What you should do:
Copy out and return the lines from the one holding "Scenic view of mountains against cloudy sky" to the end of the listing below, both included, omitting the pictures.

Data segment:
▬▬▬▬▬▬
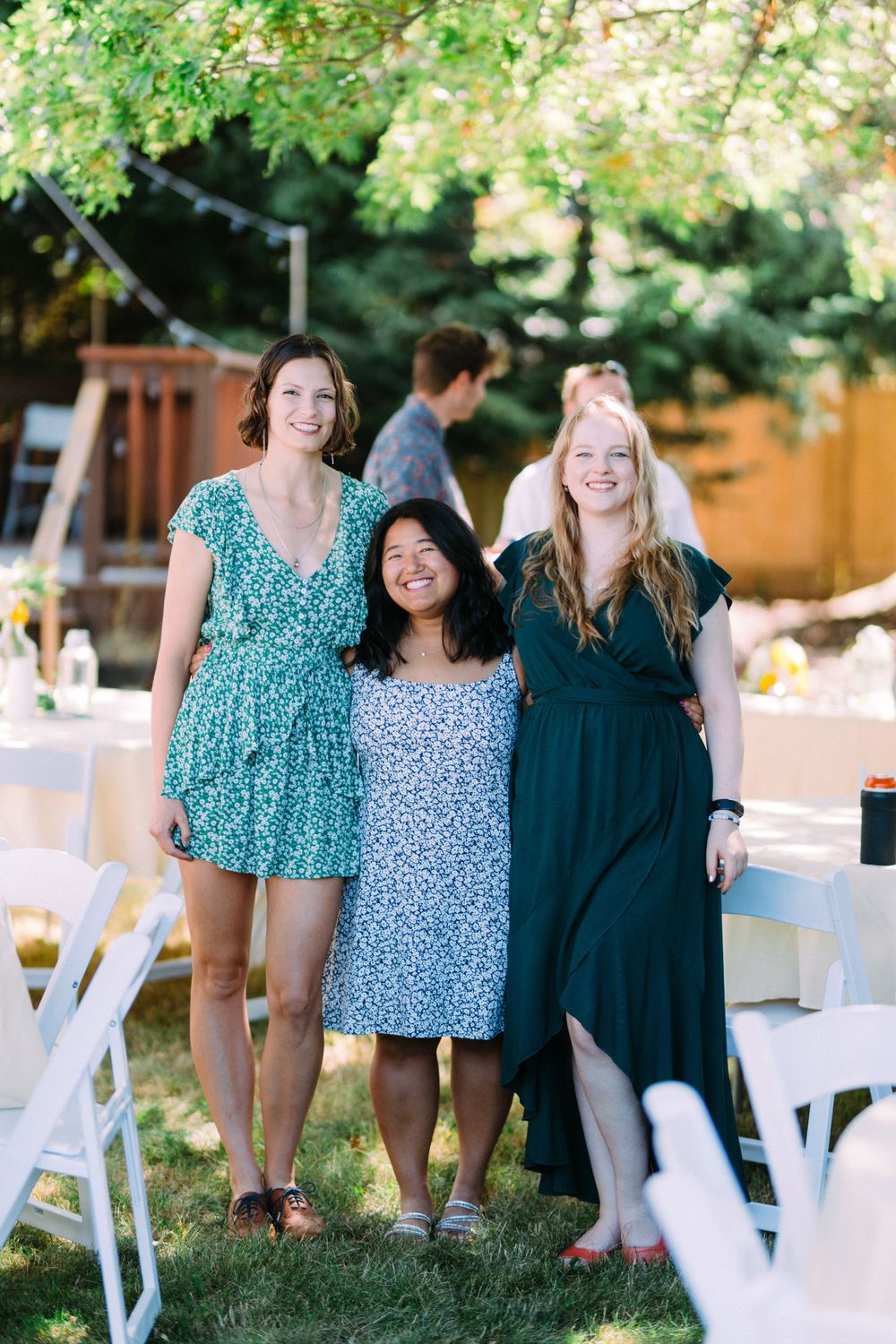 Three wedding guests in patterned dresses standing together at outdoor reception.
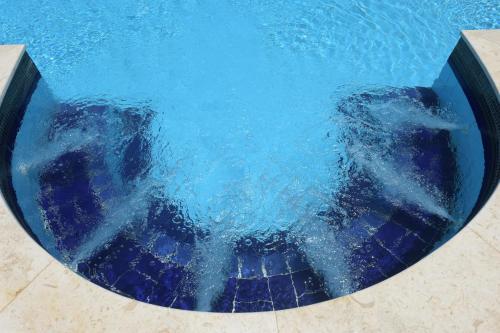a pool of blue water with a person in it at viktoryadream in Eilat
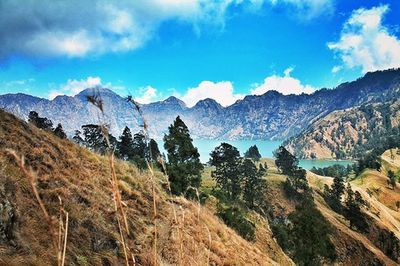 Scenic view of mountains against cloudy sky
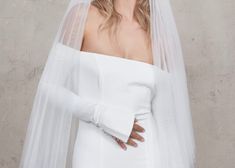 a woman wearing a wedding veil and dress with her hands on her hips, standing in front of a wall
▬▬▬▬▬▬
Answer area:
 Scenic view of mountains against cloudy sky
 a woman wearing a wedding veil and dress with her hands on her hips, standing in front of a wall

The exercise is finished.